# The derivative of ln cos x

## Homework Statement

the question is for plane curves. find T N and k for the plane curves

1. r(t) = ti + ln (cos t)

the derivative of ln x is 1/|x|, so why isn't the derivative of ln cos x, 1/cos x or sec x?

My book says the answer is - tan x

Last edited:

Because $\ln{\cos{x}}$ is actually a composition of the functions $\ln{x}$ and $\cos{x}$. Therefore you need to use the chain rule.

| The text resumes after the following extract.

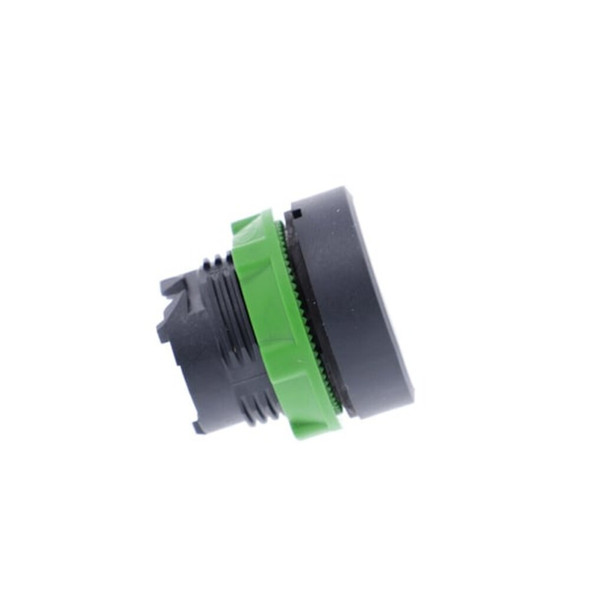 Schneider Electric ZB5AA1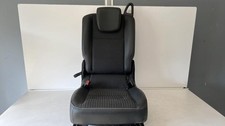 Siège Renault R9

I put in the question into the original post. I don't see how they're using the chain rule. They aren't deriving two terms, it's just ln (cos t). if they're driving t, then i would think the derivative of t would just be 1.

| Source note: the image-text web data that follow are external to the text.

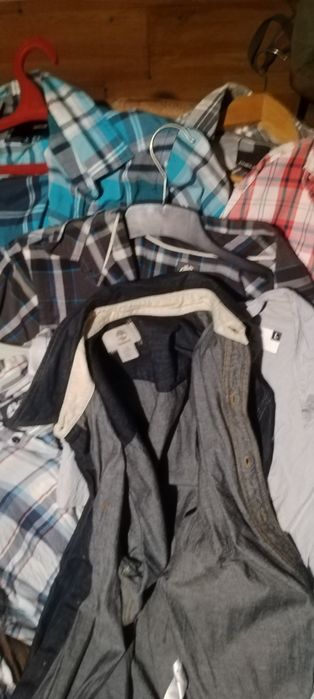 Разпродажба РИЗИ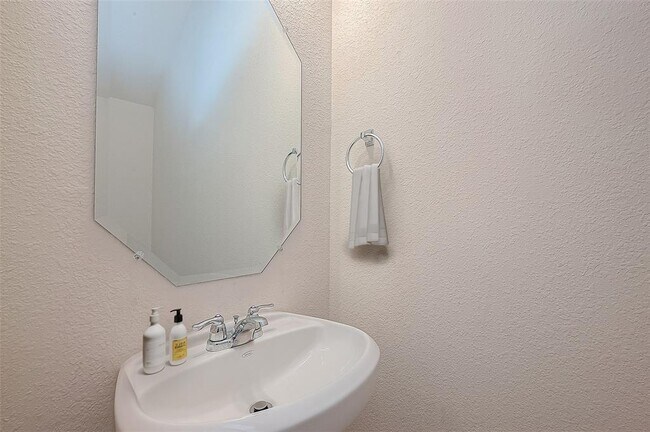 Foto del edificio - 26030 Drover Sky Ct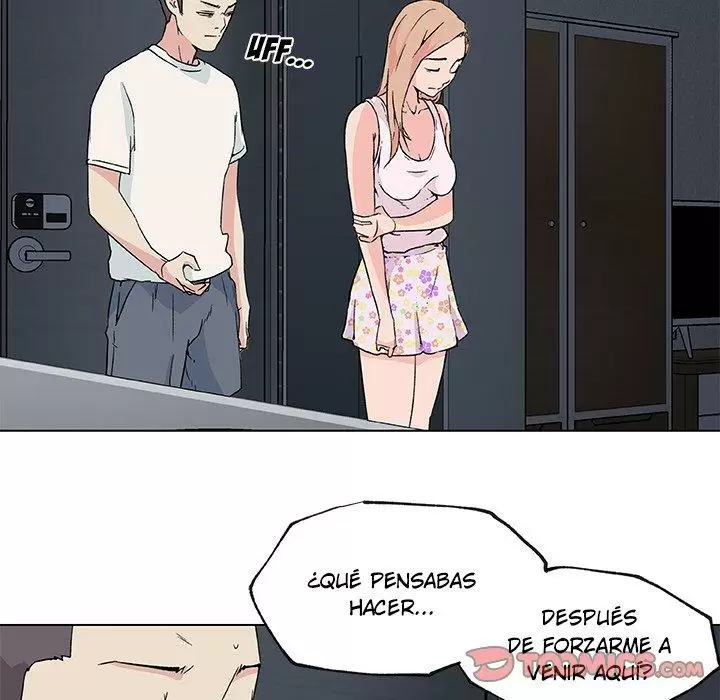 Love Recipe Capítulo 23 - Página 14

you need to use the derivative of ln r(t), which is r'(t)/ r (t)
try that!

vela
Staff Emeritus
Homework Helper
Consider this problem: Find the derivative of ##y=\ln t^2##.

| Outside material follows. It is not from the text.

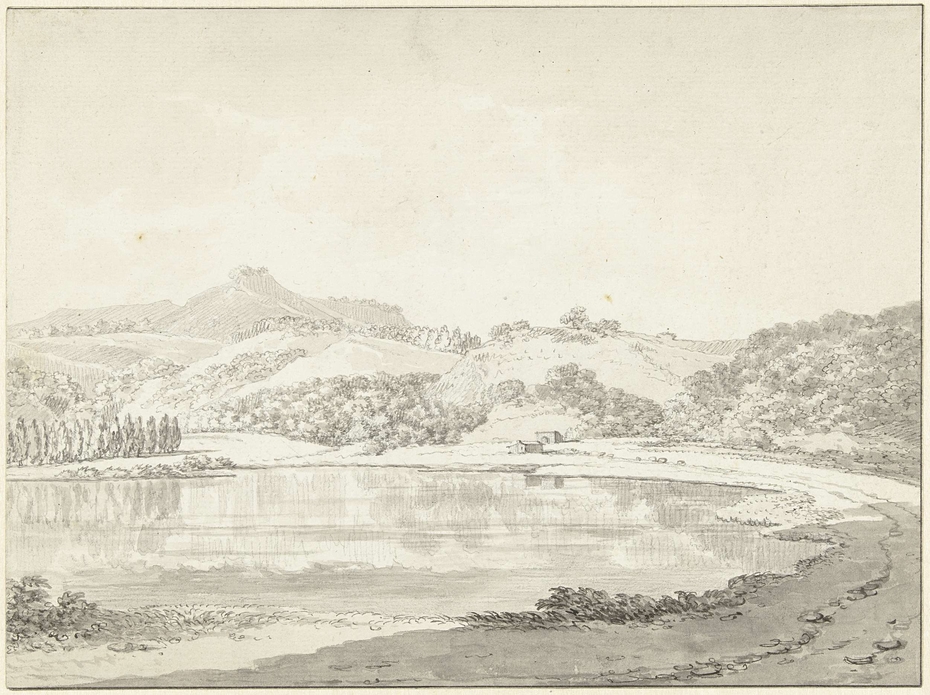 Exhibit image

First method: Using the property of logs, we pull the exponent out front.
$$y=\ln t^2 = 2\ln t$$ When you differentiate this, you get
$$y' = 2\left(\frac{1}{t}\right).$$ This is the correct answer.

Second method: Just "differentiate" the way you did
$$y' = \frac{1}{t^2}.$$ This is wrong. Why is it wrong?

but there's no exponent involved here. plus look at this problem: they just derive everything normally here. they don't do the r'/r

I like Serena
Homework Helper
The chain rule says that the derivative of f(g(t)) is f'(g(t))g'(t).
This is what vela illustrated.

In your case, for ln(cos(t)), you have calculated f'(g(t)) which is 1/cos(t), but you still need to multiply by g'(t) which is the derivative of cos(t).

ok, I sort of understand.

I like Serena
Homework Helper
ok, I sort of understand.

So do you understand how the book got -tan(t)?